Serena Williams’ Steubenville rape victim remark stirs controversy
OPINION - Serena’s comments echo much of what was said when the Steubenville case was national front page news. Those sentiments are alarming whether they’re coming from a high-profile athlete or not...
Who would ever dare to call a rape victim “lucky”?
Serena Williams, that’s who. In a Rolling Stone interview excerpted by Deadspin Tuesday, Serena revealed a startling opinion on the Steubenville rape case, in which two high school football players were convicted of raping a 16-year-old girl and electronically sending naked photographs of her.

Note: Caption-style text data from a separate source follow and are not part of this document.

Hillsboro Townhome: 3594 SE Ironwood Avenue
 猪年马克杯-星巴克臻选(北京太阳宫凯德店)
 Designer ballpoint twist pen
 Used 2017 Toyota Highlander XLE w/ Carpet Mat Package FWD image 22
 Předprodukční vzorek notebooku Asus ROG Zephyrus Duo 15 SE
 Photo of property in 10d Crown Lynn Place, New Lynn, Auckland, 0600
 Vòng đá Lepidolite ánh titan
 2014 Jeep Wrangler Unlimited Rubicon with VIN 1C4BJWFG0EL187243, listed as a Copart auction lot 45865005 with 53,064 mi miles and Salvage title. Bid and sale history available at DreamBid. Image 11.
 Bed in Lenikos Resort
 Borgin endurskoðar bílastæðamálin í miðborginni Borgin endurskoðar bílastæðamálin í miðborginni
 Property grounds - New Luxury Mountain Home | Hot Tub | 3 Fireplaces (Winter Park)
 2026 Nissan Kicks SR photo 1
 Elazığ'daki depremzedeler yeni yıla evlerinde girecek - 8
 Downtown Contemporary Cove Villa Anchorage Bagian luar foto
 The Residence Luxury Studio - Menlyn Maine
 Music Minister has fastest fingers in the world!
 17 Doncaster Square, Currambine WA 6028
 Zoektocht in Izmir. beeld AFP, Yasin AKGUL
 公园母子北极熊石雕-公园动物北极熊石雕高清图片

Serena revealed her perspective on the case while sitting with reporter Stephen Rodrick, who penned a profile of the tennis star for an upcoming issue of Rolling Stone. Rodrick writes:
“We watch the news for a while, and the infamous Steubenville rape case flashes on the TV—two high school football players raped a 16-year-old, while other students watched and texted details of the crime. Serena just shakes her head. “Do you think it was fair, what they got? They did something stupid, but I don’t know. I’m not blaming the girl, but if you’re a 16-year-old and you’re drunk like that, your parents should teach you: don’t take drinks from other people. She’s 16, why was she that drunk where she doesn’t remember? It could have been much worse. She’s lucky. Obviously I don’t know, maybe she wasn’t a virgin, but she shouldn’t have put herself in that position, unless they slipped her something, then that’s different.”
Where to start? So much of what Serena said is deeply troubling and utterly disappointing. The notion that the boys’ punishment for rape wasn’t fair. The idea that sexually assaulting a person simply qualifies as “something stupid,” and not the felony it is. The idea that the teenage victim caused her rape to happen because she drank alcohol, and “put herself in that position” to be attacked. Suggesting that her virginity (or lack thereof) may have made her more “rape-able.” The idea that the young girl is “lucky” that her attack wasn’t “worse,” and the complete lack accountability expected from the young men who were convicted of the crime.
An awful position and why?
It’s all so much to unpack. What’s worse, Serena isn’t the only woman who shares this sentiment. She’s probably just the most high-profile (or the most uncensored) one.
Listen. Rape is a problem and it’s a problem caused by the people — mostly men and young boys — who make the conscious decision to force sex on others. It’s a shame that this concept has to be repeated and explained at such an elementary level over and over again — but it does. Because we have a horrid problem in this country — especially in the black community — of thinking that rape is something that women and girls ask for or deserve. It’s even worse when women internalize this way of thinking.
Look at the way R. Kelly’s statutory rape charges were treated over a decade ago — even though the singer was well into his 30s when he allegedly engaged in a sexual relationship with a minor, an alarming number of fans insisted that the 14-year-old at the center of the case was the one at fault. It was common to hear folks deride the teenager, calling her “fast” and insisting that “she knew what she was doing.” Many conversations around the case involved women vilifying a teenage girl, while refusing to hold a 35-year-old man responsible for his actions.
Serena gets taken to task
Thankfully, consciousness of the horror of rape and sexual assault has grown in the 10-plus years since the R. Kelly. Once Deadspin and Jezebel reported on Serena’s Steubenville quote, commenters and social media users immediately took the French Open champ to task. “Let me log off and rip these Serena Williams posters off my wall,” hip-hop journalist dream hampton tweeted.
From ESPN writer Jemele Hill:
For the first time ever, I'm really disappointed in Serena Williams http://t.co/P4xWM0QyPe
— Jemele Hill (@jemelehill) June 18, 2013
Still, Serena’s comments echo much of what was said when the Steubenville case was national front page news — that the girl was asking for it, that the boys were just being stupid, that the punishment was too harsh. And truth be told — those sentiments are alarming whether they’re coming from a high-profile athlete or not. In fact, artist and filmmaker Pierre Bennu was so disgusted with the public discourse surrounding Steubenville that he created an online comic called “Rape Is BAD!” Bennu says he illustrated the strip in the form of children’s book to clearly explain the concept to adults who still couldn’t comprehend it.
Maybe it’s worth sitting Serena down for story time.
**Update** Wednesday morning, Williams posted a statement via Twitter:
“What happened in Steubenville was a real shock for me. I was deeply saddened. For someone to be raped, and at only sixteen, is such a horrible tragedy! For both families involved – that of the rape victim and of the accused. I am currently reaching out to the girl’s family to let her know that I am deeply sorry for what was written in the Rolling Stone article. What was written – what I supposedly said – is insensitive and hurtful, and I by no means would say or insinuate that she was at all to blame.
I have fought all of my career for women’s equality, women’s equal rights, respect in their fields – anything I could do to support women I have done. My prayers and support always goes out to the rape victim. In this case, most especially, to an innocent sixteen year old child.”